SEAL試験とは、13のランダム化試験に登録された未治療のびまん性大細胞型B細胞リンパ腫(DLBCL)患者(N=7507人)を対象に、無増悪生存期間(PFS)、24ヶ月無増悪生存率(PFS rate)と全生存期間(OS)の相関関係をR2WLSまたはCopula法を用いて算出したR2Copulaにより評価(数値が1に近いほど相関が強いことを示す)し、無増悪生存期間(PFS)は全生存期間(OS)の代用エンドポイントになり得るかどうかを検証した多施設共同無作為化試験の結果である。
本試験に登録された患者背景は下記の通りである。年齢中央値は59.3歳(18.0-92.2歳)、その内訳は60歳未満42%(N=3128人)、60-69歳32%(N=2420人)、70歳以上26%(N=1959人)。性別は男性54%(N=4031人)、女性46%(N=3476人)。ECOG Performance Statusはスコア0-1が33%(N=2239人)、スコア2が25%(N=1702人)、スコア3が24%(N=1646人)、スコア4-5は17%(N=1143人)。Ann Arbor分類による病期はステージI/IIが36%(N=2715人)、ステージIIIが24%(N=1809人)、ステージIVが40%(N=2960人)。

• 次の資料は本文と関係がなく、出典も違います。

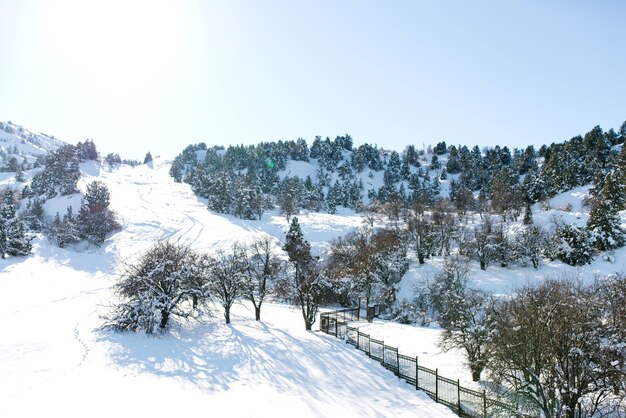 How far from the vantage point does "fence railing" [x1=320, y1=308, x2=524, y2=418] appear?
15.8 m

以上の背景を有する患者における本試験の結果は下記の通りである。無増悪生存期間(PFS)の代替性は試験レベルと患者レベルの両方で検証されており、試験レベルでの無増悪生存期間(PFS)と全生存期間(OS)の関係はR2WLSで0.83(95%信頼区間:0.57-0.94)、R2Copulaで0.85(95%信頼区間:0.73-0.98)、事前に設定された代用エンドポイントとしての基準を満たすことが示された。なお、患者レベルでの無増悪生存期間(PFS)と全生存期間(OS)の相関関係も同様に強い傾向が示された。

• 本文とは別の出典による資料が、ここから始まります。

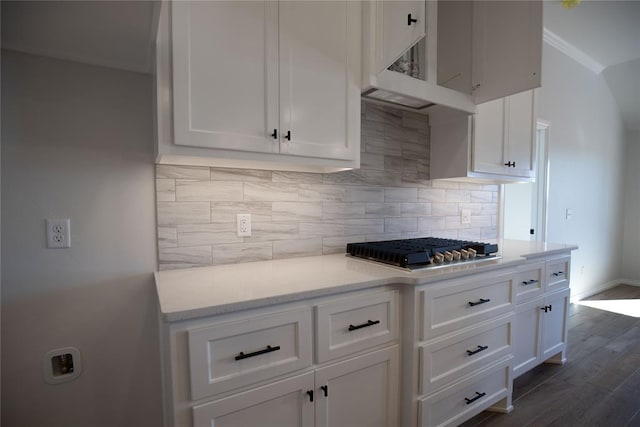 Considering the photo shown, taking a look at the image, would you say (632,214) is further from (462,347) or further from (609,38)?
(462,347)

一方、試験レベルでの24ヶ月無増悪生存率(PFS rate)と全生存期間(OS)の関係はR2WLSで0.77(95%信頼区間:0.51-0.92)、R2Copulaで0.78(95%信頼区間:0.59-0.96)、事前に設定された代用エンドポイントとしての基準を満たさなかった。

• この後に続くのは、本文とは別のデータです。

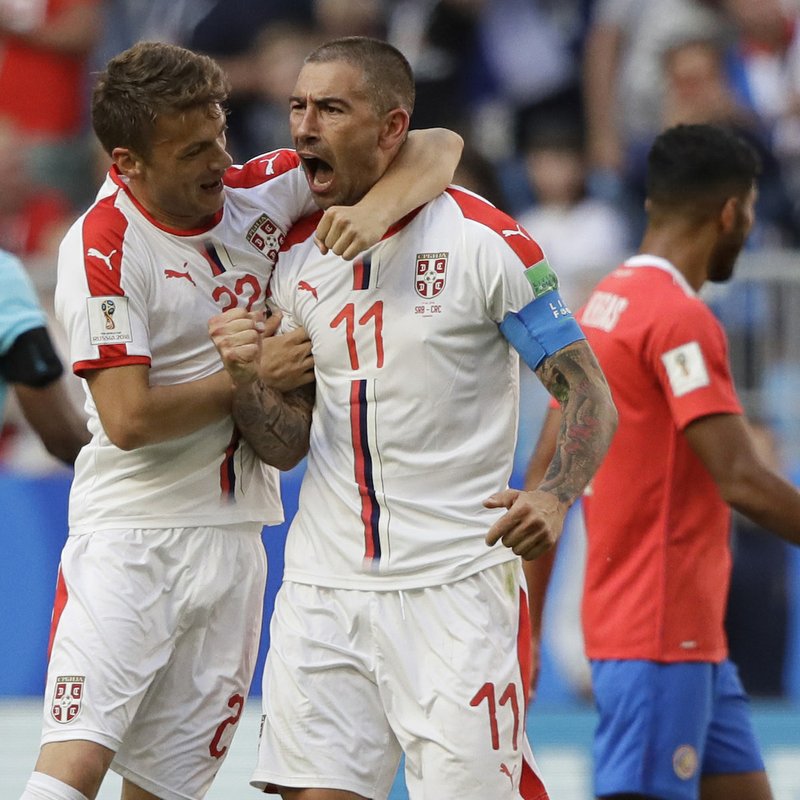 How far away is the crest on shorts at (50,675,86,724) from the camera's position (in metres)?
3.94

以上のSEAL試験の結果よりQian Shi氏らは以下のように結論を述べている。”びまん性大細胞型B細胞リンパ腫(DLBCL)患者の一次治療におけるエンドポイントを全生存期間(OS)に設定する場合、長期の経過観察が必要となります。しかし、本試験の結果、無増悪生存期間(PFS)は全生存期間(OS)の代用エンドポイントになり得る可能性が示唆されたため、今後は早期の治療効果判定を可能にし、新規治療の開発を促進することになるでしょう。”